During cross-examination, Apple hammered Evans for discounting Android as a competitor, forcing him to concede that Apple does not have a monopoly in the phone business by market share — approximately 47% of U.S. smartphone owners have iPhones. However, Evans argued, Apple still has monopoly power within the market because of users' reluctance to switch. Evans also had to defend his argument that buying a game on one platform doesn't substitute for buying it on another, while two vastly different iPhone apps, such as a graphing calculator and a video game, belong in the same market.

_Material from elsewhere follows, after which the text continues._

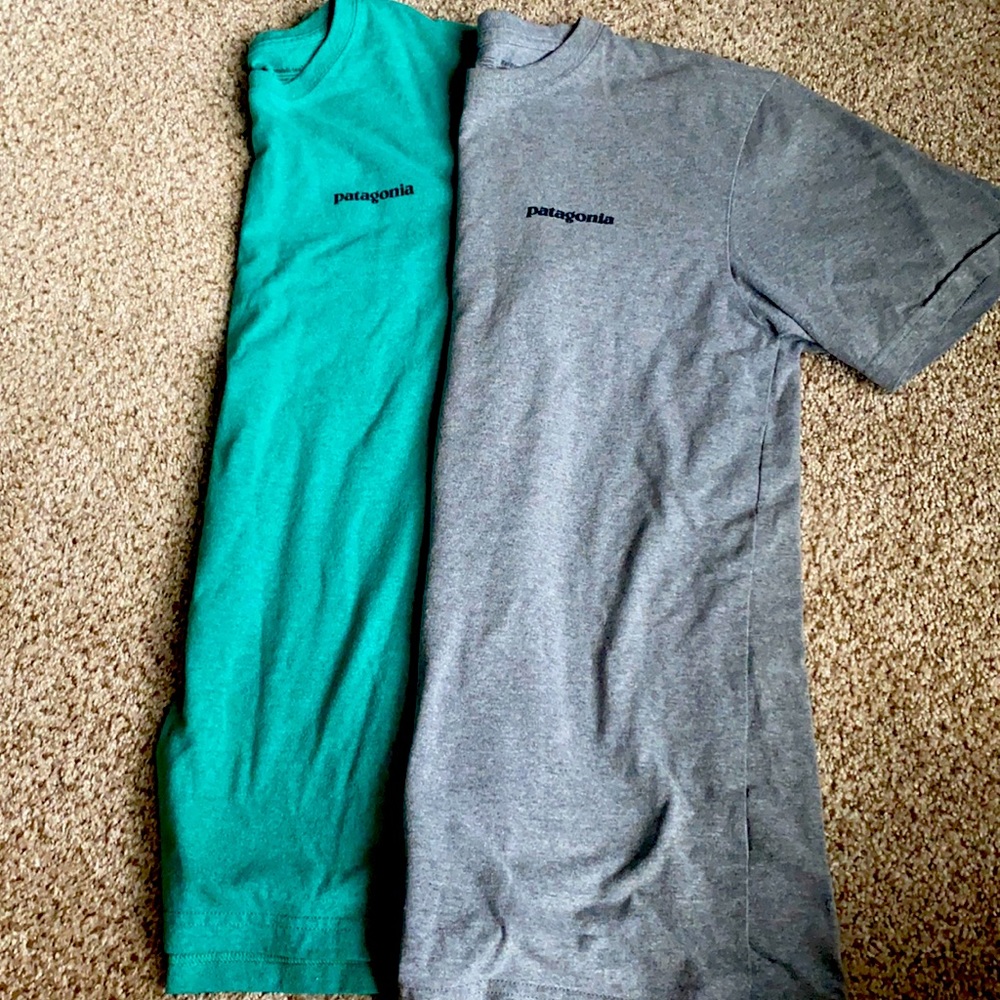 Men’s Patagonia T-Shirts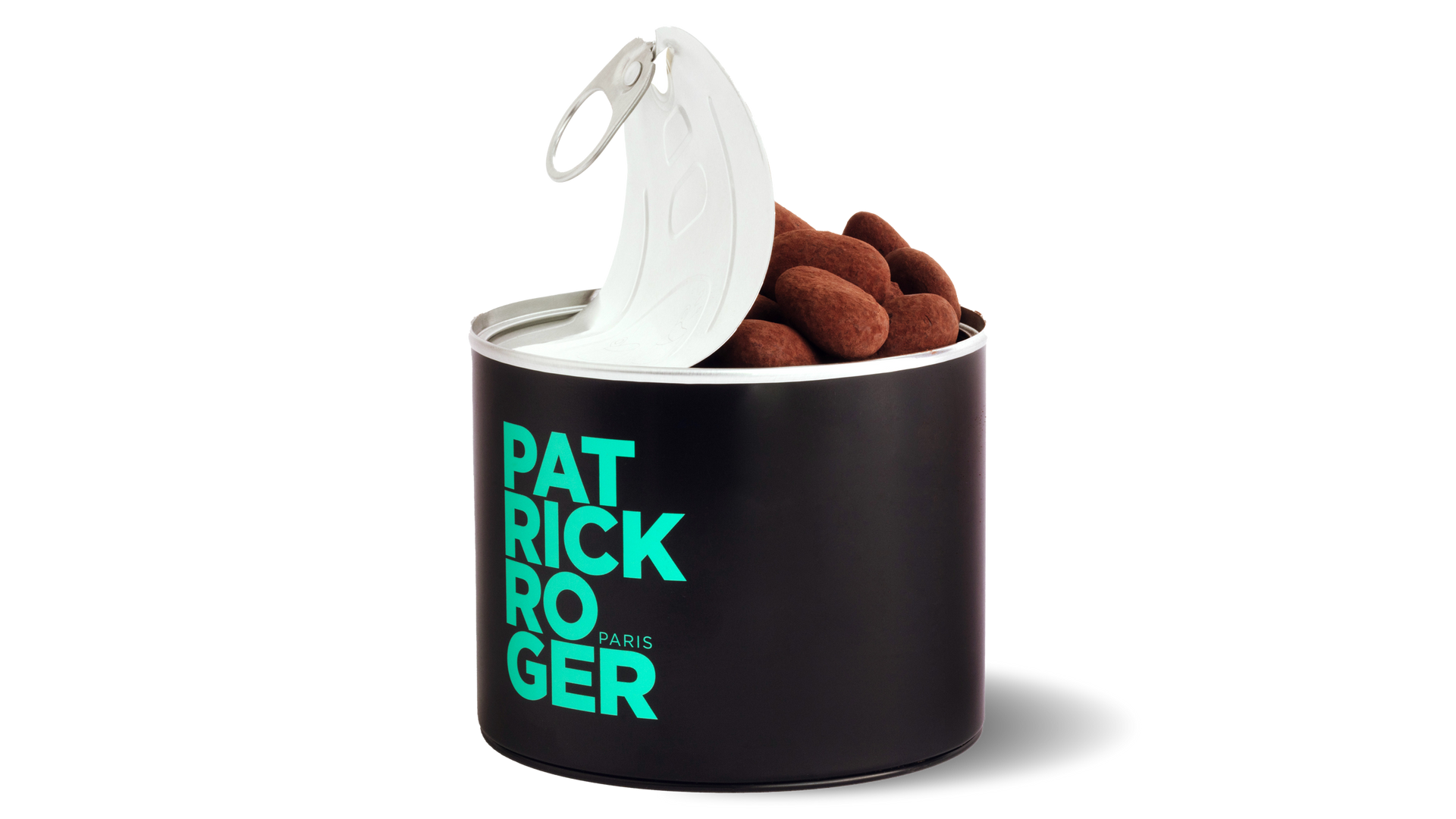 muku77　パトリックロジェ　アマンドキャラメリゼ Caramelized almonds - Patrick Roger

Apple's key argument in previous filings has been that what iOS really provides is a place for users to engage in transactions in the games they love, which they play across platforms. Substitutions in that market are numerous, according to Apple, with robust competition from the web, consoles and PCs. The in-app payment processing that Apple users and app developers are required to use? It's an integral part of the product that pays for improvements, not some afterthought that's invisible to consumers and delivers undue profit. And game transactions are thriving, Apple says, suggesting those fees and the privacy and security they pay for haven't harmed the market.

And since other platforms comprise robust competition, Apple will argue, it cannot possibly be a monopoly, which must therefore mean no violation of antitrust laws, especially if the market is thriving.

What Gonzalez Rogers will take from this is anyone's guess. She directed sometimes frustrated questions to Evans about whether players might have picked up other games in lieu of Fortnite when it was banned, if he had evidence of profit or loss on console sales and what she should make of his treatment of in-app purchases as separate from app distribution.

At one point Gonzalez Rogers pointed out Fortnite's in-game currency, V-Bucks, is available for purchase on the web where Apple doesn't get a cut. She also suggested Apple's prohibitions on app developers telling consumers they can buy digital goods elsewhere may be a problem. Evans began to explain why he thought the availability of V-Bucks on the web didn't alter his market definition and to discuss the prohibitions, but Gonzalez Rogers cut him off.

"Have you done any real analysis?" she asked.